**EXERCISE DESCRIPTION**
Upon reaching the line that contains "Foto resep Balado Terong Teri Telor Ceplok" in the records below, begin repeating every line exactly through the last one, skipping pictures.

**SOURCE RECORDS**
== Segment start ==

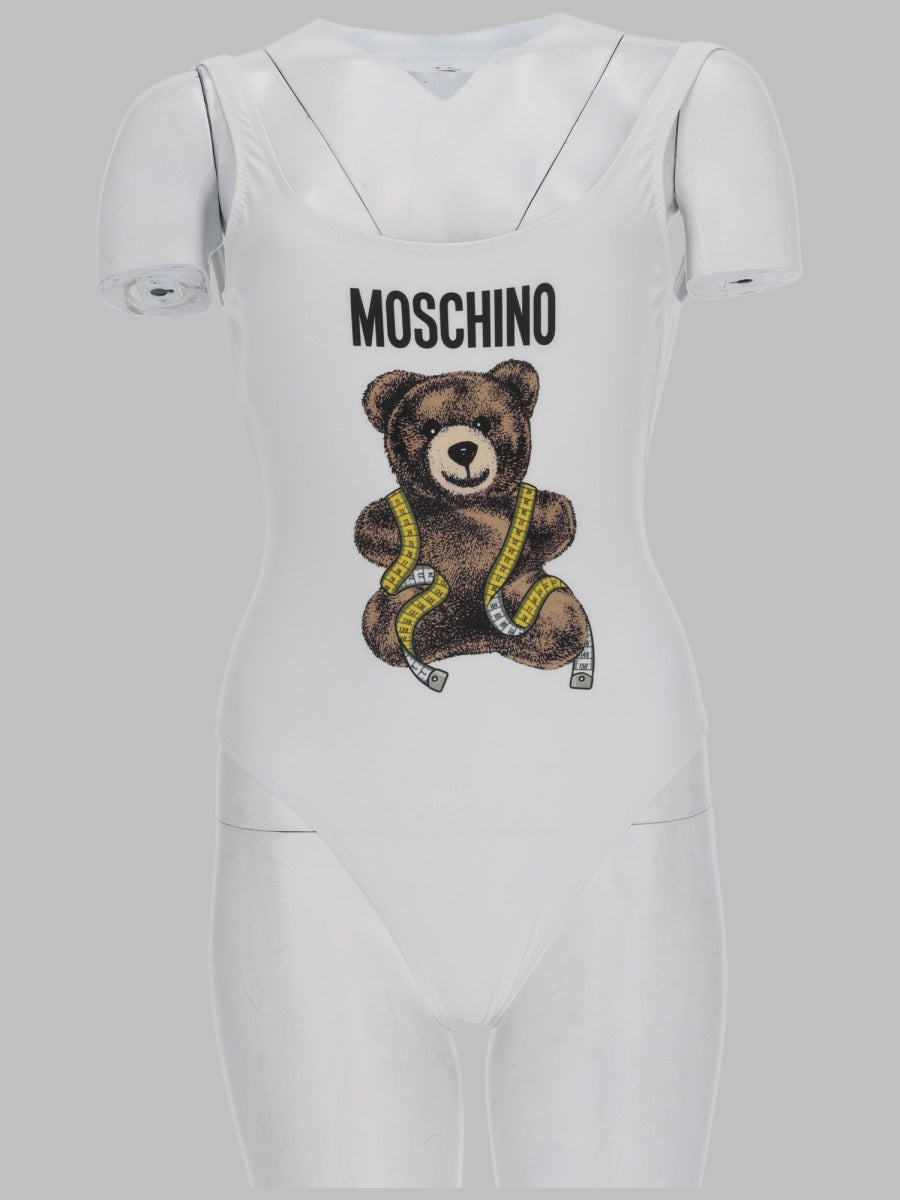 Moschino Women Costume Da Bagno Intero "Teddy"
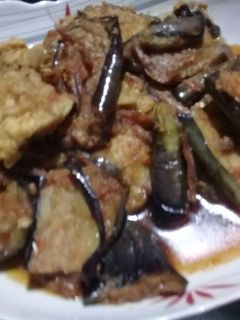 Foto resep Balado Terong Teri Telor Ceplok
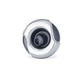 CMP Spa Master 2" Gunite Jet Rotational Internal | Stainless Steel Black | 25591-124-000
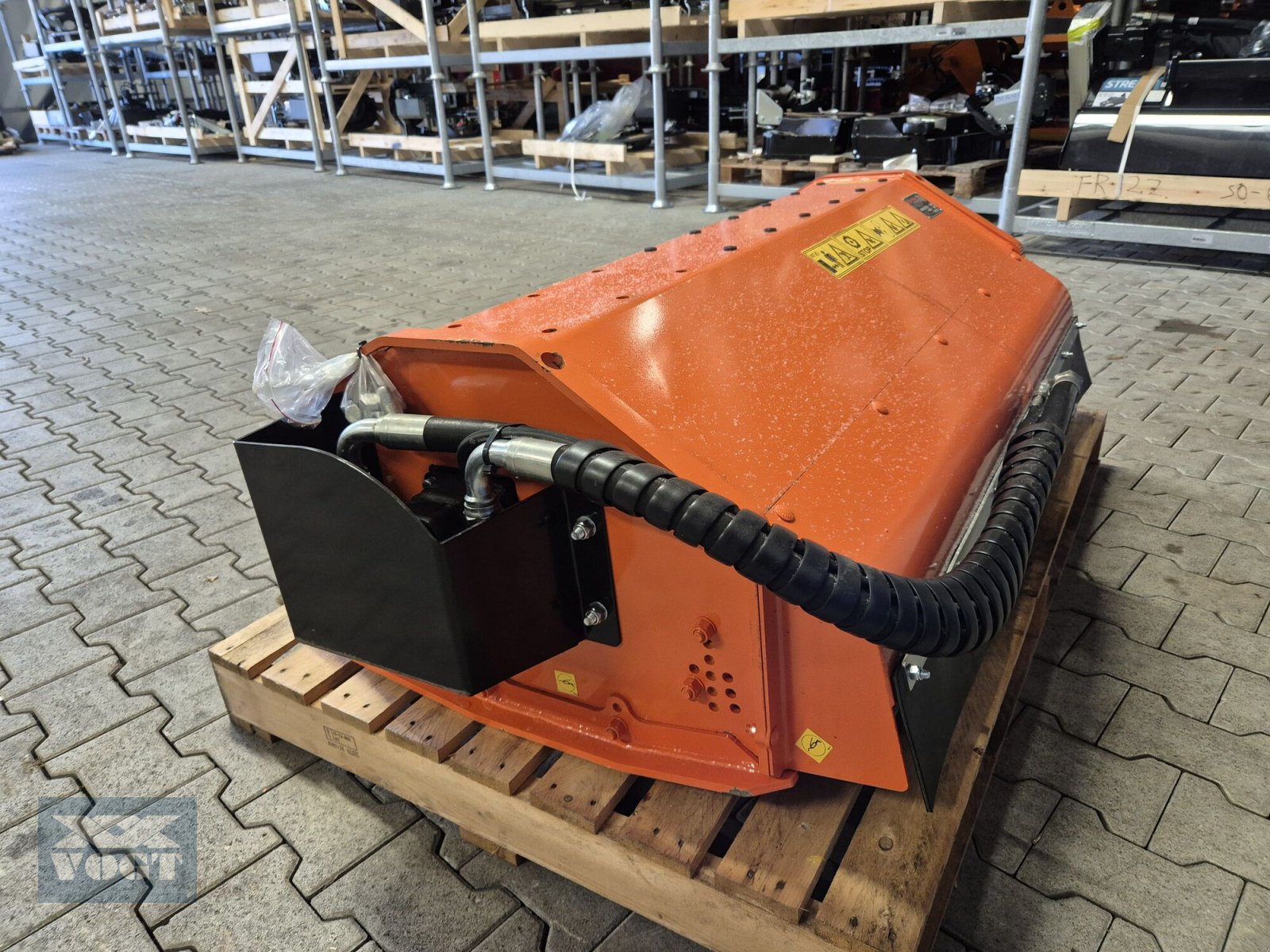 Böschungsmähgerät del tipo Tifermec T-130P Hydraulischer Mulcher /Mulchkopf für Bagger /Ausleger /Traktor, Neumaschine In Schmallenberg (Immagine 7)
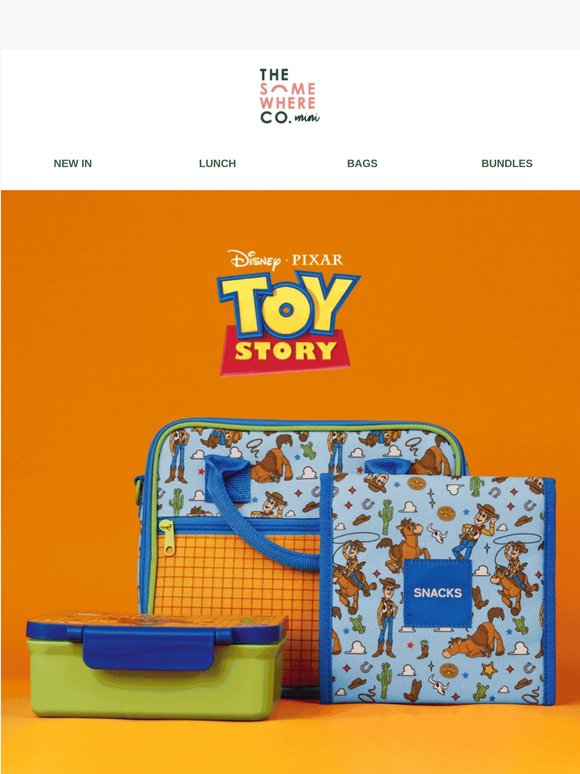 Toy Story friends unite!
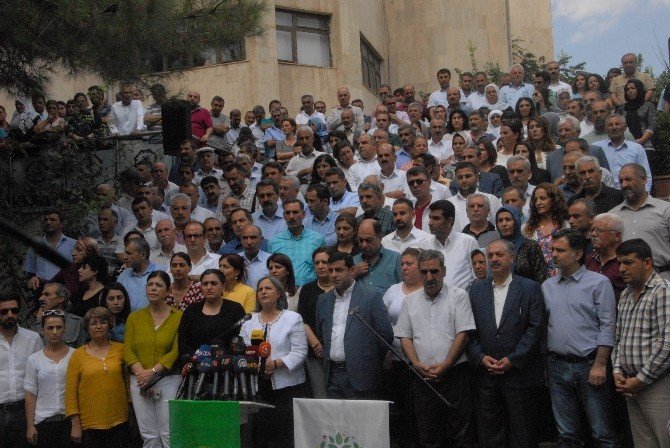 Demirtaş’tan Kayyum Açıklaması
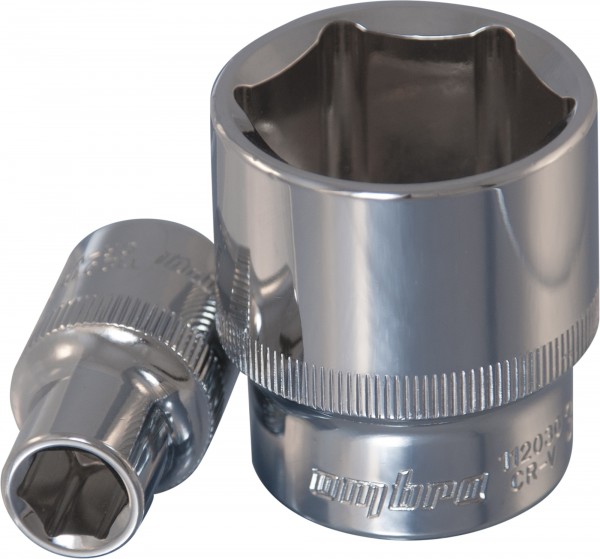 

Головка торцевая Ombra 112021, шестигранная, 21мм, 1/2" (112021), 112021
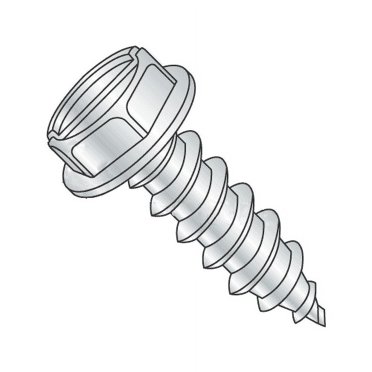 Fastenere #8 X 1-1/2" Oval Head Slotted Wood Screws - Stainless Steel 18-8 (50 Pack)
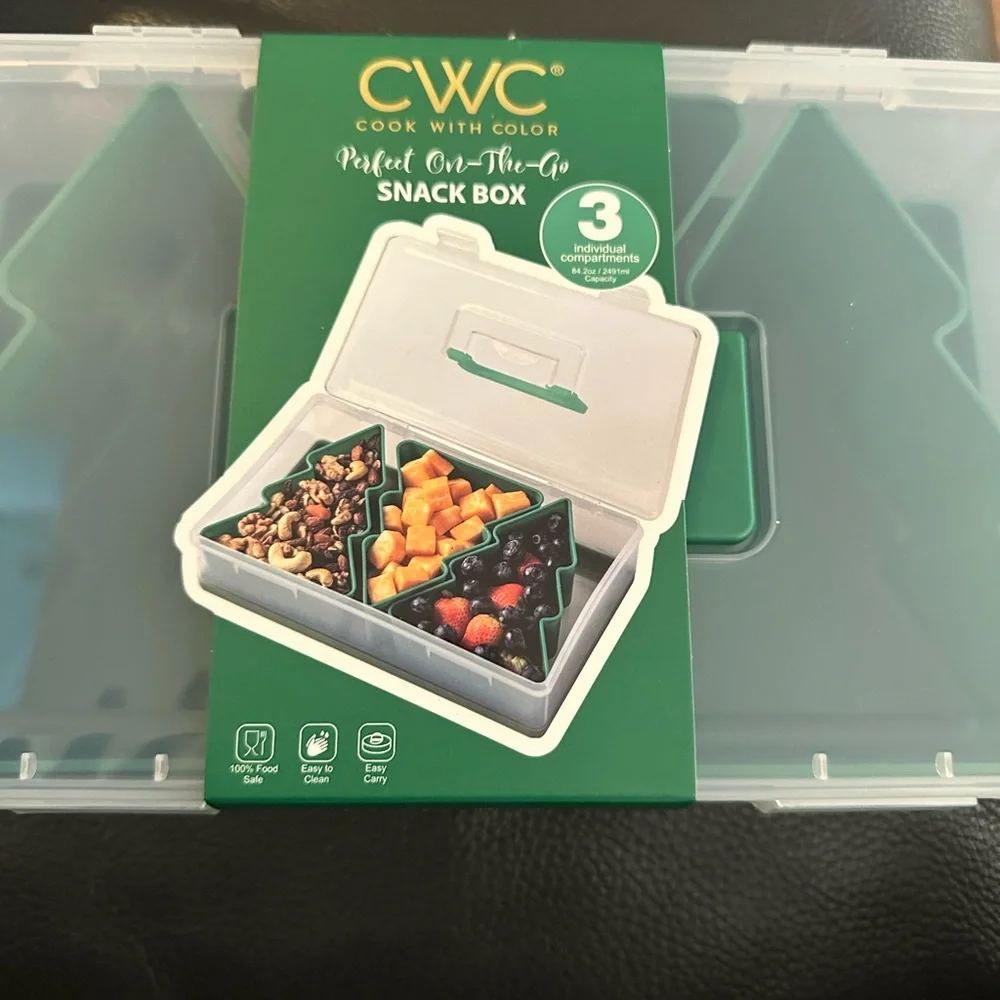 CWC Green Snack Box Set - Picture 2 of 5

== Segment end ==

**EXERCISE RESULT**
 Foto resep Balado Terong Teri Telor Ceplok
 CMP Spa Master 2" Gunite Jet Rotational Internal | Stainless Steel Black | 25591-124-000
 Böschungsmähgerät del tipo Tifermec T-130P Hydraulischer Mulcher /Mulchkopf für Bagger /Ausleger /Traktor, Neumaschine In Schmallenberg (Immagine 7)
 Toy Story friends unite!
 Demirtaş’tan Kayyum Açıklaması

Головка торцевая Ombra 112021, шестигранная, 21мм, 1/2" (112021), 112021
 Fastenere #8 X 1-1/2" Oval Head Slotted Wood Screws - Stainless Steel 18-8 (50 Pack)
 CWC Green Snack Box Set - Picture 2 of 5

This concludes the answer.